If any shares sold to the Clients of the Advisor under the terms of this
agreement are repurchased by the Fund, or are tendered for redemption, within
seven business days after the date of our confirmation of the original purchase
by the Clients of the Advisor, it is agreed that the Advisor shall forfeit the
right to any commission on such sales even though the shareholder may be charged
a CDSC by the Fund. DD, LLC will notify the Advisor of any such repurchase or
redemption within the next ten business days after the date on which the
certificate or written request for redemption is delivered to DD, LLC or to the
Fund and the Advisor shall forthwith refund to DD, LLC the full amount of any
concession or commission the Advisor received on such sale.

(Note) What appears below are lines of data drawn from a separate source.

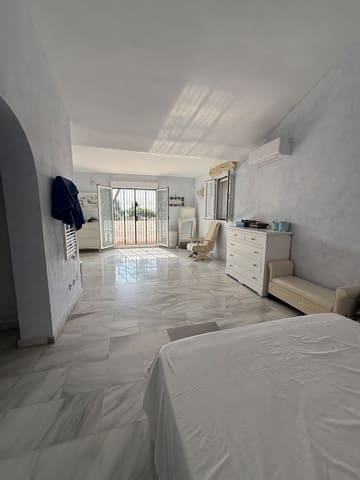 4 soveværelse Villa til salg i Calahonda, Mijas - € 950.000 (Ref: 9998284)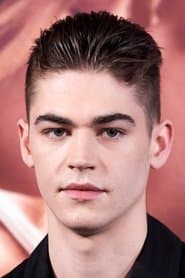 Hero Fiennes Tiffin photo 3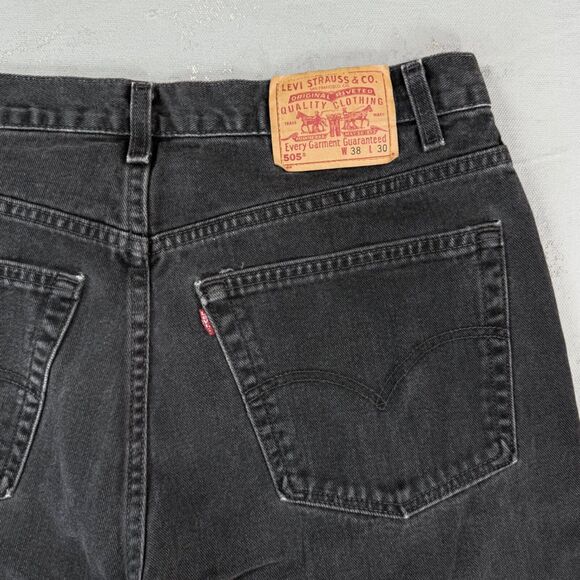 Vintage 2001 Levi's 505 Black Denim Red Tab Jeans MADE IN USA Fit 36 x 29 - Picture 8 of 8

DD, LLC agrees, in
the event of any such repurchase or redemption, to refund to the Fund any
commission retained on such sale and upon receipt from the Advisor of the
commissions paid to the Advisor to pay such commissions forthwith to the Fund.
3. Orders. Orders placed by the Advisor for the purchase or redemption of
shares of the Funds for the account of Clients will be accepted only on the
terms and conditions set forth in the then current prospectuses of the
Funds. It shall be the responsibility of the Advisor to receive and
transmit orders on a timely basis in accordance with such prospectuses. No
"as of" orders shall be permitted. DD, LLC reserves the right to cancel
this agreement at any time without notice if any orders for the purchase of
shares of the Funds are executed by Advisor at other than the then current
offering price, as described in Paragraph 1 hereof. All orders for the
purchase of shares of the Funds are subject to acceptance or rejection by
DD, LLC in its sole discretion. DD, LLC reserves the right to suspend sales
or withdraw the offering of any class of shares of any Fund without notice
and at its sole discretion. The Advisor shall receive confirmation of
purchases and redemptions and notice of any rejections, by telephone, wire,
the National Securities Clearing Corporation ("NSCC"), or through any other
mutually acceptable telecommunication or computer facilities. Conditional
orders for the purchase or redemption of shares will not be accepted. The
Advisor shall be responsible for the payment of the purchase price for Fund
shares for which the Advisor has placed orders. If payment is not received
by the settlement date, the sale may be canceled without any responsibility
or liability on the part of DD, LLC or the Fund and the Advisor shall be
responsible for any loss, including loss of profit, suffered by the Fund
from the Advisor's failure to make such payment, or, at DD, LLC's option,
such shares may be sold back to the Fund, in which case the Advisor may be
held responsible for any loss, including loss of profit, suffered by DD,
LLC as a result of Advisor's failure to make such payment.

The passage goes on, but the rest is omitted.